One thing is for certain: "Mad Men" has made Hamm a major star. During a press party on a Los Angeles balcony several years, a mob of reporters was so hungry for quotes that Hamm had to keep backing up and almost toppled over the railing.

"Men" was never a ratings juggernaut — 2 million viewers last year compared with 14 million for fellow AMC series "The Walking Dead" — but Hamm quickly became TV's most magnetic leading man, who also showed he could handle comedy with memorable appearances on "30 Rock" and "Saturday Night Live."

"Jon Hamm is forever going to be the face of 'Mad Men,' and it's firmly on his shoulders to represent it in the future in many ways," Weiner said. "He's just got a physical presence."

Hamm isn't the only cast member to benefit from the show's success. Almost the entire cast went from guest-star status to cable royalty, including Minnesota's own Vincent Kartheiser, who plays ambitious adman Pete Campbell.
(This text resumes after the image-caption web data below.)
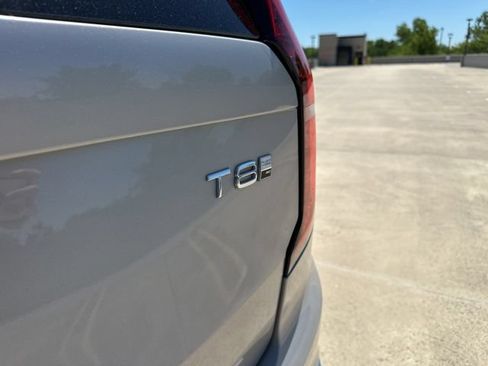 Certified 2025 Volvo XC90 T8 Ultra AWD/4WD image 40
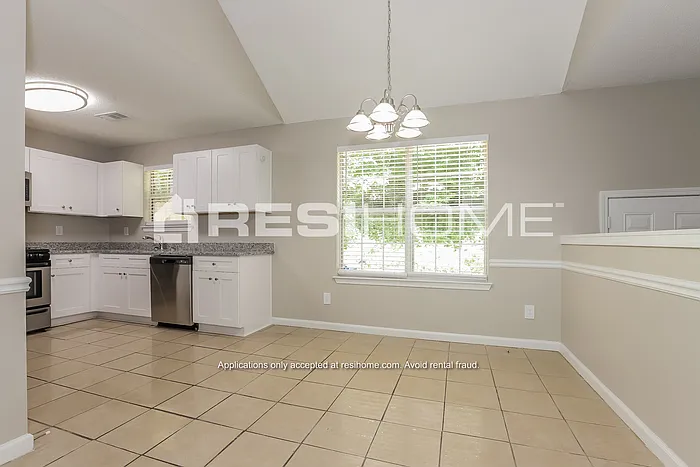 2264 Creekview Trl — Photo 4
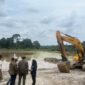 Pemerintah Provinsi Riau menghentikan aktivitas dua lokasi usaha pertambangan mineral bukan logam dan batuan (MBLB) berupa tanah urug atau galian C yang beroperasi tanpa izin di Kecamatan Tapung, Kabupaten Kampar.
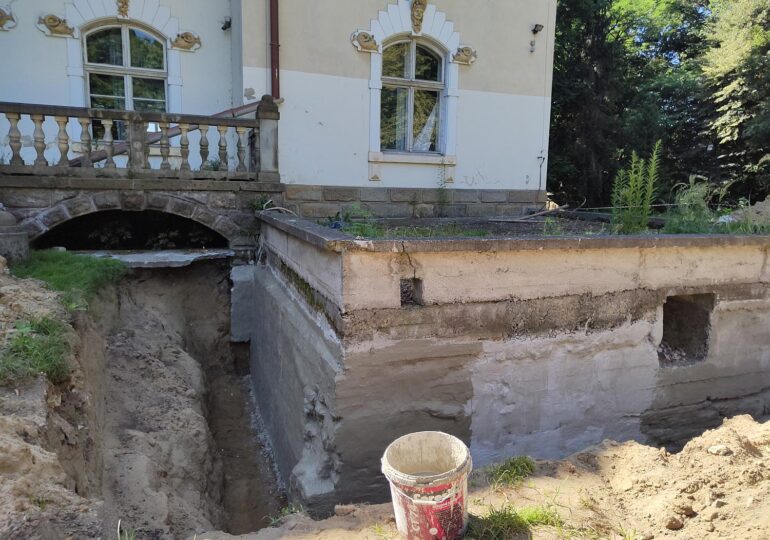lęg remont pałacu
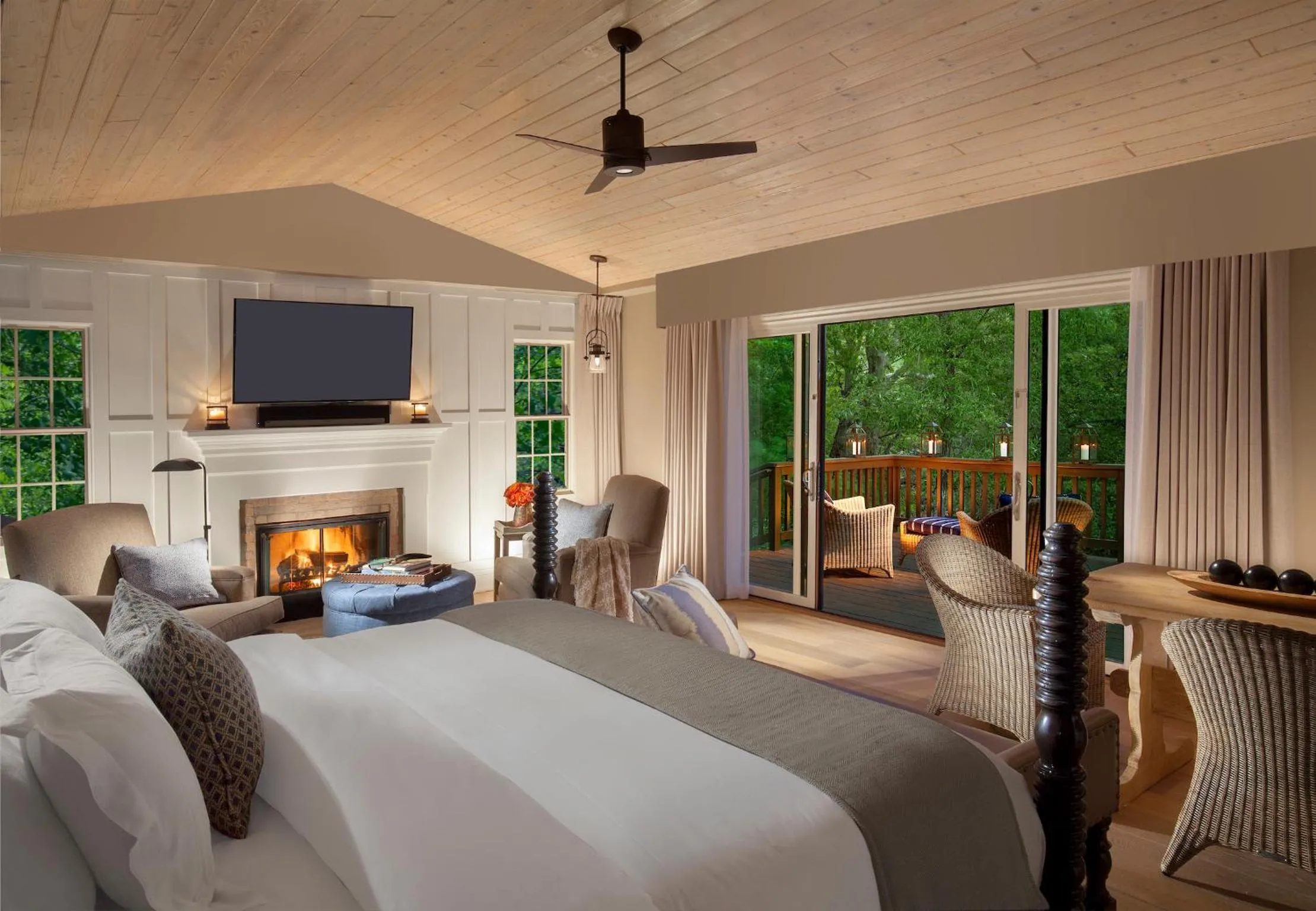 Photo of the whole room, Bed in L'Auberge De Sedona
"To talk about how I've felt about this experience and these people, that seems sacred to me," said Kartheiser, whose fame made him a major draw for a 2013 Guthrie production of "Pride and Prejudice." The show also introduced him to his future wife, Alexis Bledel, who was guest-starring as his mistress. "There's an old Hemingway line that if you talk about it, you'll lose it. I kind of believe that."

The most important contributor has always been Weiner, who was previously a writer for "The Sopranos," a drama with one of TV's most controversial endings.

And, no, that doesn't mean that "Mad Men" will end with Draper listening to "Don't Stop Believin'."

"I'm extremely interested in what the audience thinks, so much so that I'm trying to delight them and confound them and not frustrate and irritate them," Weiner said. "I don't want them to walk away angry. But you can't just give them everything they want. And the show has never done that. It's strived to be original. It's strived to tell a story that you don't know and hope it feels inevitable when you get there."